Por definición, el lenguaje mantiene una relación mortífera con el parlêtre –es decir, con el “ser hablante” del que hablaba Lacan–, puesto que este es incapaz de enunciar con fidelidad el nombre de la realidad. Pensemos en los grandes absolutos que, como hemos visto, Pizarnik pretende alcanzar y en la imposibilidad de decirlos con palabras, de evitar caer en la mera enunciación de las “cosas” de las que escribe Novalis. Pizarnik nos concede un ejemplo: “La tremenda intensidad de un instante amoroso es indecible”, escribe en junio de 1963, cada vez más desolada por la flaqueza de sus palabras. Al lenguaje le pidió antaño exilio y no halló en él sino “un muro, algo que me expulsa y me deja fuera”.

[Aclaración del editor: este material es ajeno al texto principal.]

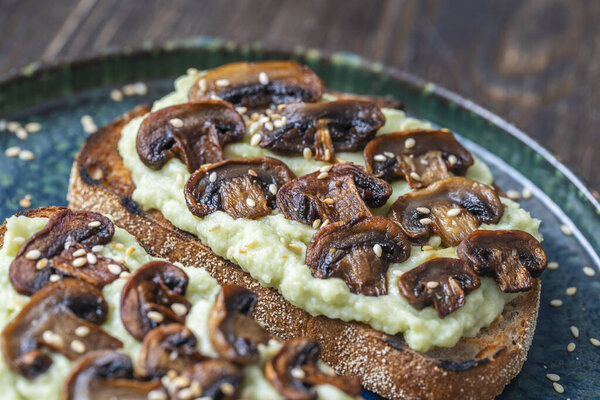 Tasty sandwich with green mashed avocado, fried mushrooms and sesame seeds in plate on a table, close up. Vegetarian food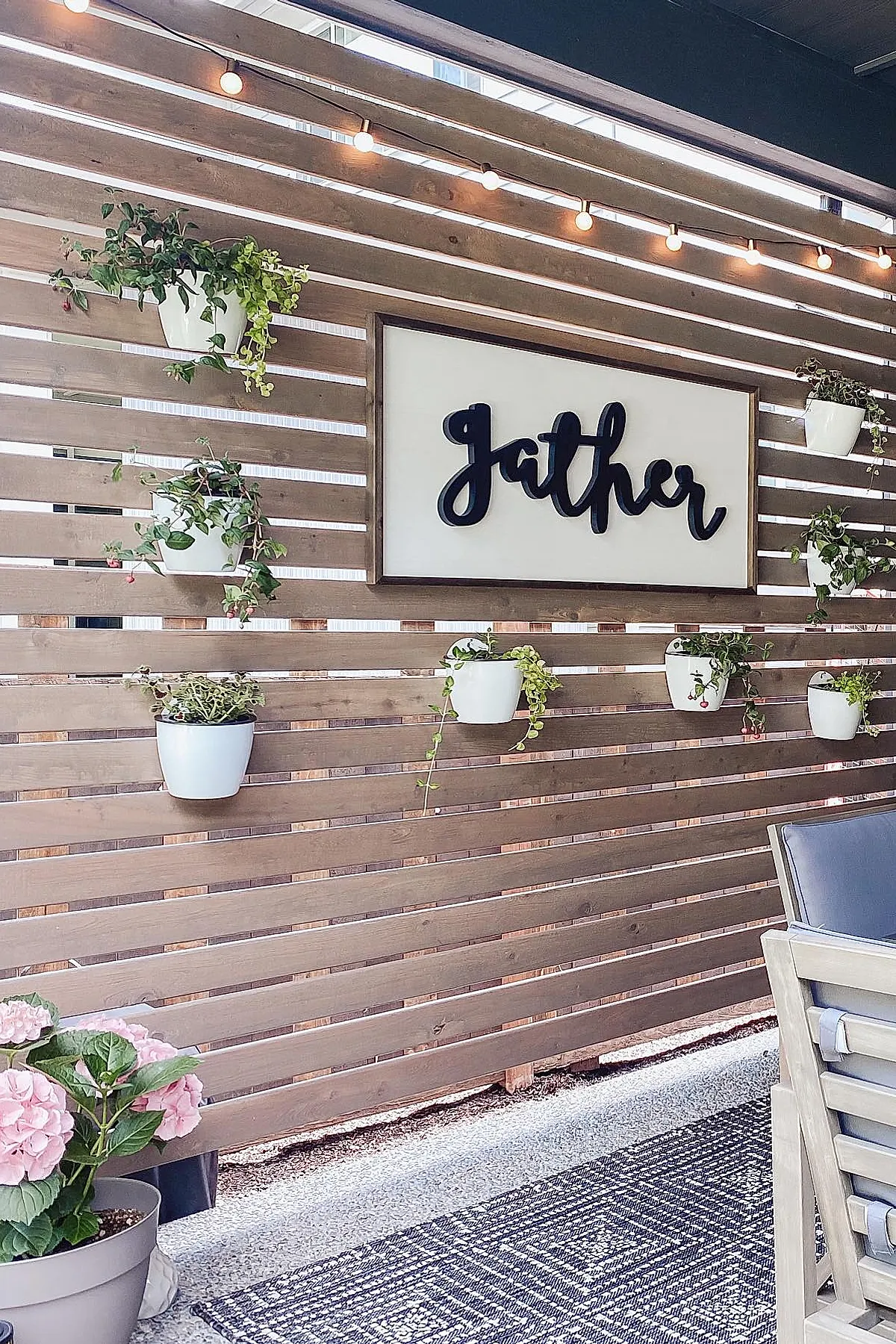 Wooden planter privacy wall with horizontal slats featuring white hanging pots with trailing green plants and string lights above in an outdoor patio setting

Este desencanto fundamental queda puesto sobre la mesa de forma prodigiosa cuando, en el poema “En esta noche, en este mundo”, Pizarnik se interroga a sí misma: “no/ las palabras/ no hacen el/ amor/ hacen la ausencia/ si digo agua ¿beberé?/ si digo pan ¿comeré?”. Finalmente cambia la dirección de las preguntas y escribe, como en un ajuste de cuentas o un lamento: “¿de dónde viene esta conspiración de invisibilidades?/ ninguna palabra es visible”.
Con el paso del tiempo, la imposibilidad de emprender un viaje a aquel jardín de lilas, a aquel paraíso trágicamente perdido, a la otra orilla o a la dulce noche mediante la embarcación del lenguaje se va esclareciendo sólida como un muro. Por desgracia, desolada por el vacío de los signos y temerosa de caer presa de la locura, Pizarnik piensa en la muerte, que, como reclamo de absoluto, suscita en ella honda fascinación. La muerte representa el último recodo de plenitud (como escribe de joven: “de una manera visionaria sé que moriré de poesía”).
En Los trabajos y las noches, poemario de inflexión estilística en su obra, Pizarnik publica en forma de clamorosa plegaria de auxilio un poema que sintetiza, con una brevedad apabullante y estableciendo un juego dialéctico con un epígrafe de Quevedo (“…en besos, no en razones”), sus dos luchas vitales. Mantiene dichas luchas a ambos lados de su poesía, impregnada por su feroz deseo de absoluto. En el poema, Pizarnik expone dicha partición, letal y terrible: el enfrentamiento que quien escribe libra, por un lado, contra la palabra y, por otro, contra la vida. El poema encierra esta tensión entre el cuerpo que siente y la palabra miserable. Desgarrador, se dirige a nosotros: “Del combate con las palabras ocúltame/ y apaga el furor de mi cuerpo elemental”.